Chapter Fifteen
Contains spoilersOverview
The chapter interweaved Ted’s present train ride with Louisa, the artist’s ashes, and The One of the Sea with a retrospective of Ted’s lifelong bond with the artist. It traced the boys’ early grief, the artist’s rise to fame and collapse under it, and Ted’s eventual move in to care for him until his death. It showed how the artist decided to buy back his first painting as a link to lost summers and insisted Ted keep living. The chapter ended with Ted acknowledging that taking Louisa, the ashes, and the painting on a train was a terrible idea.
Summary
Ted remembered being fourteen at a funeral where the artist whispered the Mary Oliver line “what is it you plan to do with your one wild and precious life,” and Ted discovered grief’s physicality. In the present, twenty-five years later, Ted sat on a train with the artist’s ashes, the valuable painting in a larger box on the floor, and Louisa beside him, berating himself for accepting such responsibility.
A recent memory unfolded of Ted and the artist having breakfast on the balcony of the artist’s apartment as spring advanced and illness progressed. They discussed the auction of the artist’s first painting; the artist insisted on buying it back even at ruinous cost, joking that artists should die poor. Ted protested and confessed he feared life without the artist, while the artist pressed Ted to decide what he would do with his “one wild and precious life” and urged Ted to live after he died.
Scenes from their final months together showed Ted nursing the artist through coughing and vomiting, their shared laughter, pranks like an indoor water-balloon mishap, and the artist’s wish that Ted be happy after his death. The artist occasionally mistook Ted for Joar upon waking, revealing lingering longing and history. The artist kept his illness private, saying dying is the last private thing, and savored ordinary joys with Ted.
The narrative then recounted the origin and legacy of the pier painting from the boys’ fifteenth summer and the divergent paths after autumn funerals. The artist was discovered, admitted to a prestigious school, and moved away, phoning Ted through panic and grief. He traveled the world at Ted’s urging, found his voice, and sent back work that astonished teachers and patrons, launching sudden fame that soon overwhelmed him.
As fame intensified, the artist was increasingly observed rather than allowed to observe, developed dependence on pills, and lived in anxious isolation, his unfinished works becoming most coveted. He spiraled until nearly drowning while drunk at thirty-seven, prompting Ted—who hated travel and big cities—to move in. With Ted, the artist regained balance for a time; they cooked, danced, and read poetry until illness struck and Ted stayed to care for him.
Near the end, Ted read poems by Bodil Malmsten, Joan Didion, and Maya Angelou at the bedside, and woke to find the artist holding his fingers. Despite a doctor’s warning not to travel before Easter, Ted helped the artist liquidate his belongings, traveled to the auction, bought back the painting, and behind the church the artist met Louisa.

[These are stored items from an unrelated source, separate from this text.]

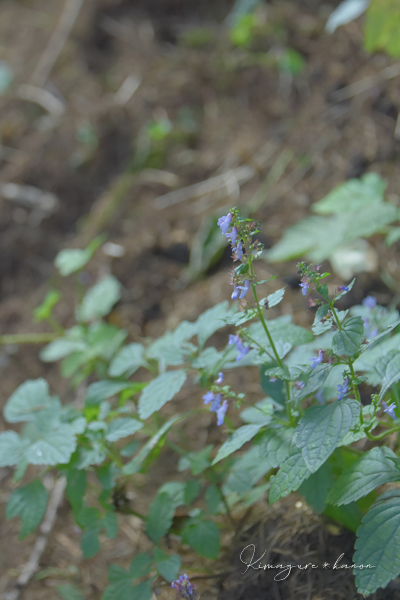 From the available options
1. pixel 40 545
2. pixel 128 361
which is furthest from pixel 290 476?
pixel 40 545

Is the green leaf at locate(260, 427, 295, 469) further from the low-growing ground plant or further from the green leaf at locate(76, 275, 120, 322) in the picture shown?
the green leaf at locate(76, 275, 120, 322)

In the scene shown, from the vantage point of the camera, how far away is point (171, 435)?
85.9 inches

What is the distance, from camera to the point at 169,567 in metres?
1.36

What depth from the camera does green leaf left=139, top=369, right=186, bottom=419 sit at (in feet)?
4.39

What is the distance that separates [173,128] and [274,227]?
4.25ft

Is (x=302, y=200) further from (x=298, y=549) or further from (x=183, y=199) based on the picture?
(x=298, y=549)

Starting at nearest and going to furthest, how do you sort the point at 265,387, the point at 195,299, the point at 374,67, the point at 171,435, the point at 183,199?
the point at 265,387
the point at 171,435
the point at 195,299
the point at 374,67
the point at 183,199

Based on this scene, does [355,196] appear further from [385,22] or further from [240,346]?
[240,346]

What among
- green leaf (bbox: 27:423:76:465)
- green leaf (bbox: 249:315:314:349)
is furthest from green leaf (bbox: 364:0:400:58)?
green leaf (bbox: 27:423:76:465)

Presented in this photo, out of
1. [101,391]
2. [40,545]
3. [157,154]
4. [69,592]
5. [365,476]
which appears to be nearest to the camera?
[365,476]

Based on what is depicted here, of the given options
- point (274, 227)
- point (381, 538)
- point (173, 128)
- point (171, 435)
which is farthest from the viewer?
point (173, 128)

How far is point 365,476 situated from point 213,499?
49cm

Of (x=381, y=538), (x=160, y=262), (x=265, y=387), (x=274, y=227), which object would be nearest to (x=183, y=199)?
(x=160, y=262)

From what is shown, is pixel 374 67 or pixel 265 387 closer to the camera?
pixel 265 387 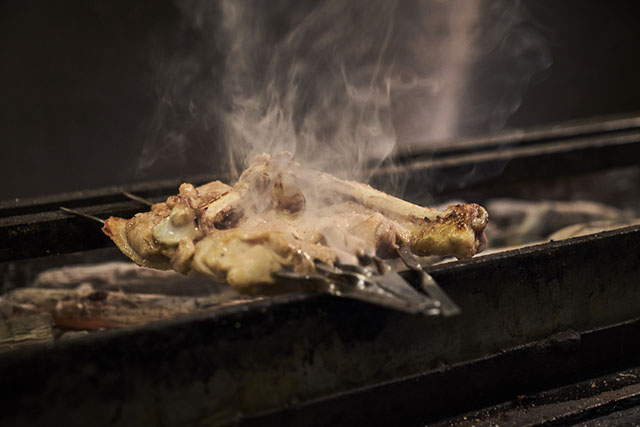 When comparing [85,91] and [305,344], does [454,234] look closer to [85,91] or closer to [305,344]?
[305,344]

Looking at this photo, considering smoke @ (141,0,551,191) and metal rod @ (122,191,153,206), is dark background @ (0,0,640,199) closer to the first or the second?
smoke @ (141,0,551,191)

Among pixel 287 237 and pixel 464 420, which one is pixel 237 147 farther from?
pixel 464 420

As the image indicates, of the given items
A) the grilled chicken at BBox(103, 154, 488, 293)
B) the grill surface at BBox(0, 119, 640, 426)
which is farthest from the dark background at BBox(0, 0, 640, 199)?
the grilled chicken at BBox(103, 154, 488, 293)

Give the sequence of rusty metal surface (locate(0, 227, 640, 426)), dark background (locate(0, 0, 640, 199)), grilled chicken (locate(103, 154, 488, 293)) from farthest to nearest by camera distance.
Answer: dark background (locate(0, 0, 640, 199)) < grilled chicken (locate(103, 154, 488, 293)) < rusty metal surface (locate(0, 227, 640, 426))

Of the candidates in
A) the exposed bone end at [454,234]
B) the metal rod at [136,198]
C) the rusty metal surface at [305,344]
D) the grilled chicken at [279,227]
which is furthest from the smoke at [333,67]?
the rusty metal surface at [305,344]

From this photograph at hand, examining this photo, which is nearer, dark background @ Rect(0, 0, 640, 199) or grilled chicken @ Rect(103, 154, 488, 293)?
grilled chicken @ Rect(103, 154, 488, 293)

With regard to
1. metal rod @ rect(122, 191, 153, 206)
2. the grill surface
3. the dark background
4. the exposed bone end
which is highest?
the dark background

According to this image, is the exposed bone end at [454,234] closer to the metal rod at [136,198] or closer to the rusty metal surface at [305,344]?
the rusty metal surface at [305,344] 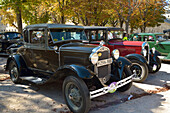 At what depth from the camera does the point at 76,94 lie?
3.90m

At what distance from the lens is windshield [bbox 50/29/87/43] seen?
196 inches

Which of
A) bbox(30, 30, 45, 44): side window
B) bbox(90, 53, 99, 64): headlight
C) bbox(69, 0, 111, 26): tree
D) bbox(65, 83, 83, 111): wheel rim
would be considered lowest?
bbox(65, 83, 83, 111): wheel rim

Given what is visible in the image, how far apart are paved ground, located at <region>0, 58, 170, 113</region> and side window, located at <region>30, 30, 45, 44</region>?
5.06 feet

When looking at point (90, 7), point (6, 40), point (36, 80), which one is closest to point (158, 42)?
point (36, 80)

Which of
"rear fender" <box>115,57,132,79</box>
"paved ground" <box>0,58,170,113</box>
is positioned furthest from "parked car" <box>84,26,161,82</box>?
"rear fender" <box>115,57,132,79</box>

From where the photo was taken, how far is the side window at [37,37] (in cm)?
495

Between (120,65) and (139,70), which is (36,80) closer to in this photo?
(120,65)

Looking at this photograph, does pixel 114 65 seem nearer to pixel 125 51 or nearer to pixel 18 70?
pixel 125 51

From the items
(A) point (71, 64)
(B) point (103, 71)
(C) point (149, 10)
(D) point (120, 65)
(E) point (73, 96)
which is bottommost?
(E) point (73, 96)

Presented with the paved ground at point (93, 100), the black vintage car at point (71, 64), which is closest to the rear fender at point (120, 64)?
the black vintage car at point (71, 64)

Returning to the present, Ted sat on the train with the ashes, the painting, and Louisa, concluding again that this journey was a spectacularly bad idea, worse even than Joar’s infamous “socks in the toaster” mishap.
Who Appears
- Ted
narrator/protagonist; caretaker and lifelong friend of the artist; recalls their history, buys back the painting, reads poetry at the artist’s bedside, and now travels by train with the ashes, the painting, and Louisa.
- The artist (C. Jat)
Ted’s best friend; recalls Mary Oliver’s poem, becomes famous then overwhelmed, is cared for by Ted, buys back his first painting, meets Louisa behind the church, and dies shortly after.
- Louisa
teenager traveling with Ted; present beside him on the train with the ashes and painting.
- Joar
Ted and the artist’s childhood friend; absent but remembered (socks in toaster anecdote); the artist calls out for Joar near the end of his life.
- Doctor
the artist’s physician; advises against travel before Easter, advice that is ignored.
- Poets and writers (Mary Oliver, Bodil Malmsten, Joan Didion, Maya Angelou)
quoted/read by Ted and the artist; frame their reflections on grief and purpose.